Through smart phones and texting, these language pioneers shaped/are shaping culture itself. Condensing it. Simplifying it. Stripping it down to its bare essentials for the sake of efficiency.

When you can express a complex idea with a single character 😡, why bother with language at all right? The implications for cultural change are massive. Today, some of these change-makers are in college or recent additions to the professional workforce — and they are incredibly interesting.

It’s been my privilege as an older Millennial to work with Gen Z creators, designers, programmers, copywriters, film makers and strategists. Like my generation, they expect better from their employers, from the brands they buy from, and society itself. But there’s a diference. Their beliefs are fervent, deeply intrenched, and thoroughly vocalized. It’s awesome!

Most Millennials can claim digital native status, but Gen Z lives and breathes communication technology. Through their phones, Gen Z is shaping culture itself like no other generation before.

Most Millennials in the workforce want work-life balance, 3 weeks vacation, excellent health benefits, and a cause to believe in. And those expectations have moved the societal needle in a positive direction. But want and demand are totally different beasts. 

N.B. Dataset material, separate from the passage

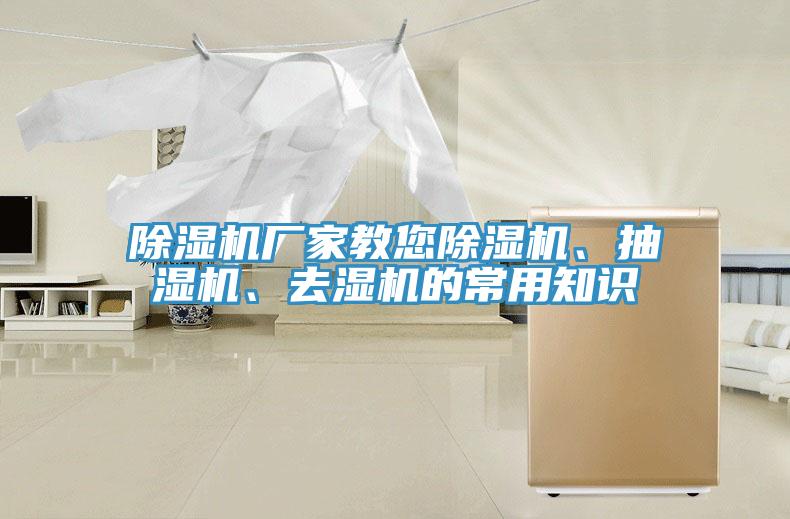 辣椒视频APP下载并安装厂家教您辣椒视频APP下载并安装、抽湿机、去湿机的常用知识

My younger colleagues demand equitable compensation, detailed (DEI) statements, unlimited PTO, regular salary bumps, praise and recognition, and so much more. And you know what? They are absolutely right.

Gen Z is shaping how business is conducted, how marketing is deployed and consumed, how much text will fit on a page, and yes — the language of today.

Oh, and Gen Z hate being labeled or placed into categories 😝. They are individualists who believe that they have a tremendous amount to offer society. They also know how to project that value by choosing the media channels that live and die.

I, for one, entirely agree with the strong preferences of Gen Z. 

When Millennials politely asked for maternity leave and the option to compost in the corporate kitchen, Gen Z demanded 6 months paid leave for both parents and a corporate policy on environmental stewardship.

When Millennials felt guilty for changing jobs after three years, Gen Z happily jumped ship every six months, always on the hunt for a job that fit their values and corporate expectations.

When Millennials… you get the idea. Gen Z and Millennials are basically value-aligned as two distinct but connected generations. We understand and use the same technology, we expect society to take care of its most vulnerable, and we shout down greenwashing, whitewashing, all the washings and bullshit for what they are. We expect more — a hell of a lot more from the brands we shop with and the employers we sell our time to.

Where Gen Z differs from its older sibling is how they make change happen. Whether in the workplace or marching on the streets, they push harder, demand fiercer, and they use their mastery of technology and communication to make their preferences felt. 

And, yes — they think that this 👍 is cringe and this 😂 is for old people.